Work request:
The pictures in the listing below are to be skipped, while the lines between the line holding "Neutral black young-adult" and the line holding "Veteran Art Powell", inclusive, are to be output exactly.

START Input for this task

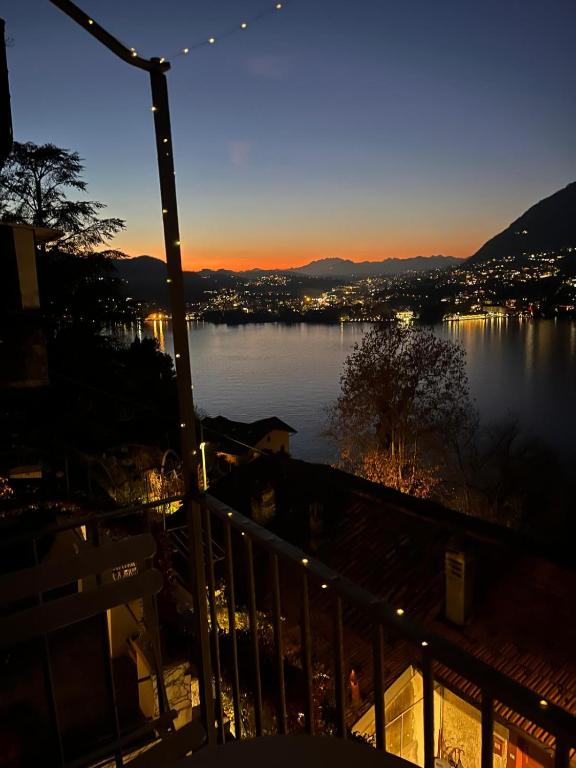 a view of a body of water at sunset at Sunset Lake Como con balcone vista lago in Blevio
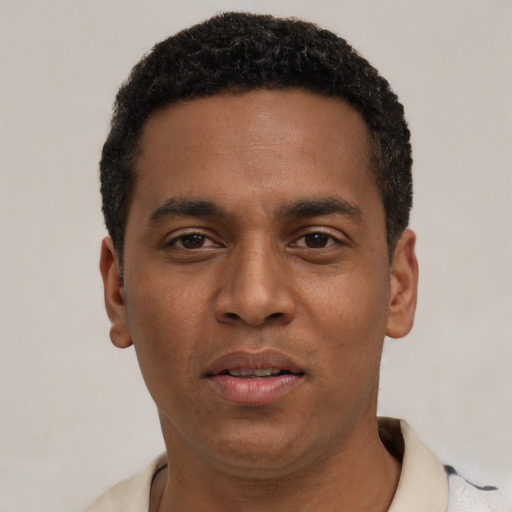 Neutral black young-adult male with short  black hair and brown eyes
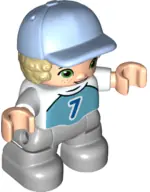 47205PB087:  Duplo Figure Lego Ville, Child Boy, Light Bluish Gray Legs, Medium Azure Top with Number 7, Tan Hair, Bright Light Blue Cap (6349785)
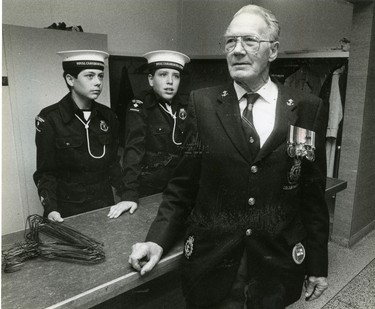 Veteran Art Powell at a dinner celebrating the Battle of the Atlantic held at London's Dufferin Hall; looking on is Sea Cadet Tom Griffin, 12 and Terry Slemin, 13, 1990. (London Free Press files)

END Input for this task
START Input for this task

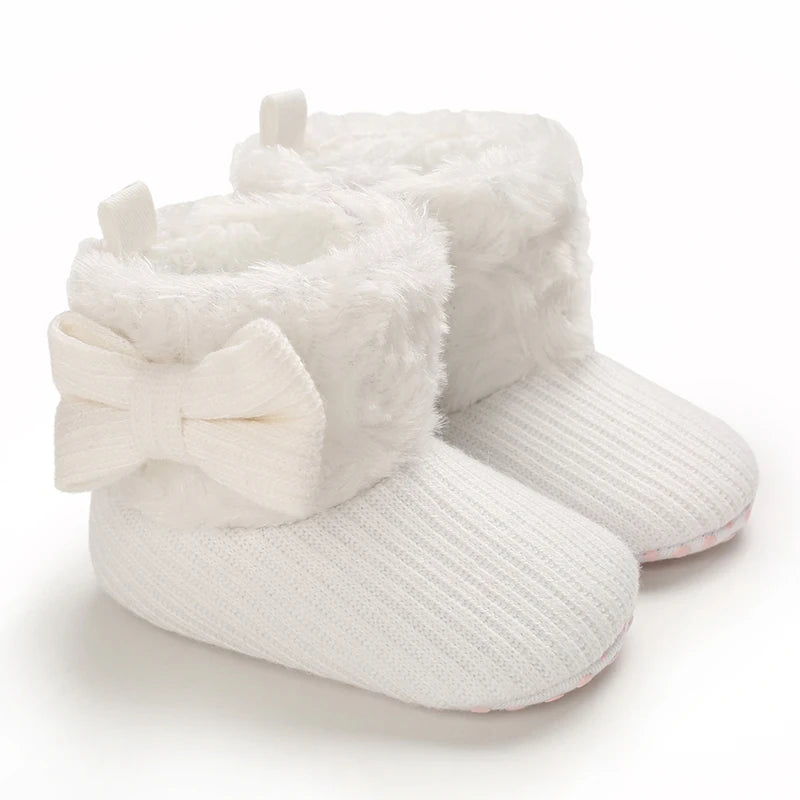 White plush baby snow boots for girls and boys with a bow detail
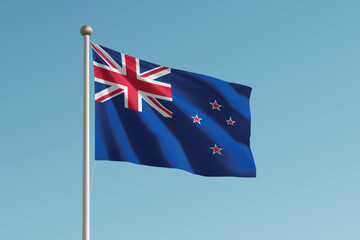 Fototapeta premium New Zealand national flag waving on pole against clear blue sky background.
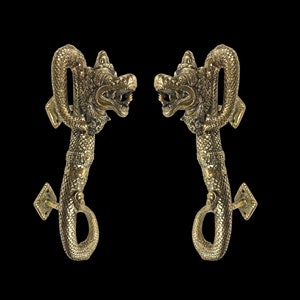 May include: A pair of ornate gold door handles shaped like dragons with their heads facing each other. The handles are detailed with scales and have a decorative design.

END Input for this task
START Input for this task

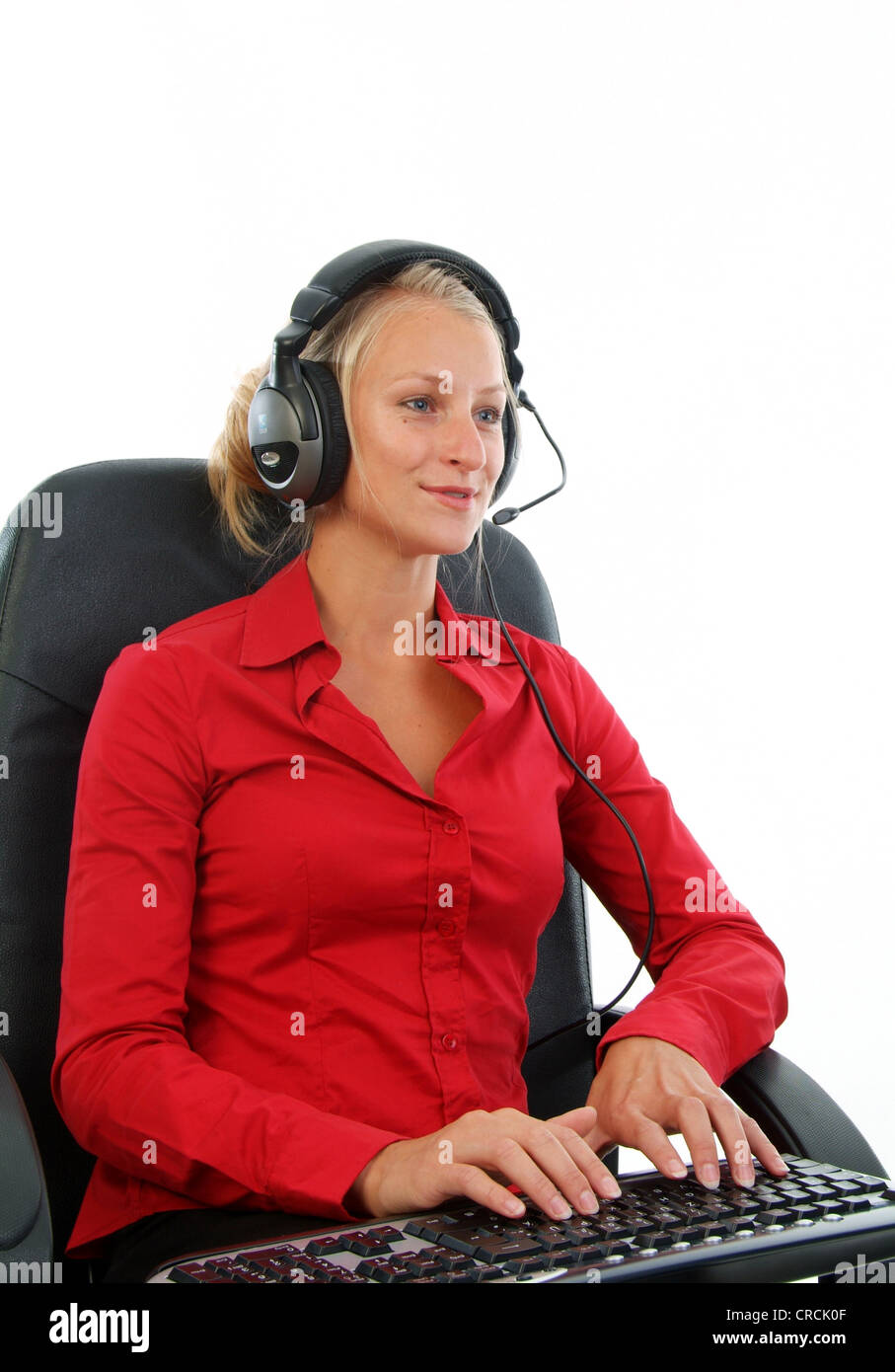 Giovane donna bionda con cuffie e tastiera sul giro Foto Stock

END Input for this task

Task response:
 Neutral black young-adult male with short  black hair and brown eyes
 47205PB087:  Duplo Figure Lego Ville, Child Boy, Light Bluish Gray Legs, Medium Azure Top with Number 7, Tan Hair, Bright Light Blue Cap (6349785)
 Veteran Art Powell at a dinner celebrating the Battle of the Atlantic held at London's Dufferin Hall; looking on is Sea Cadet Tom Griffin, 12 and Terry Slemin, 13, 1990. (London Free Press files)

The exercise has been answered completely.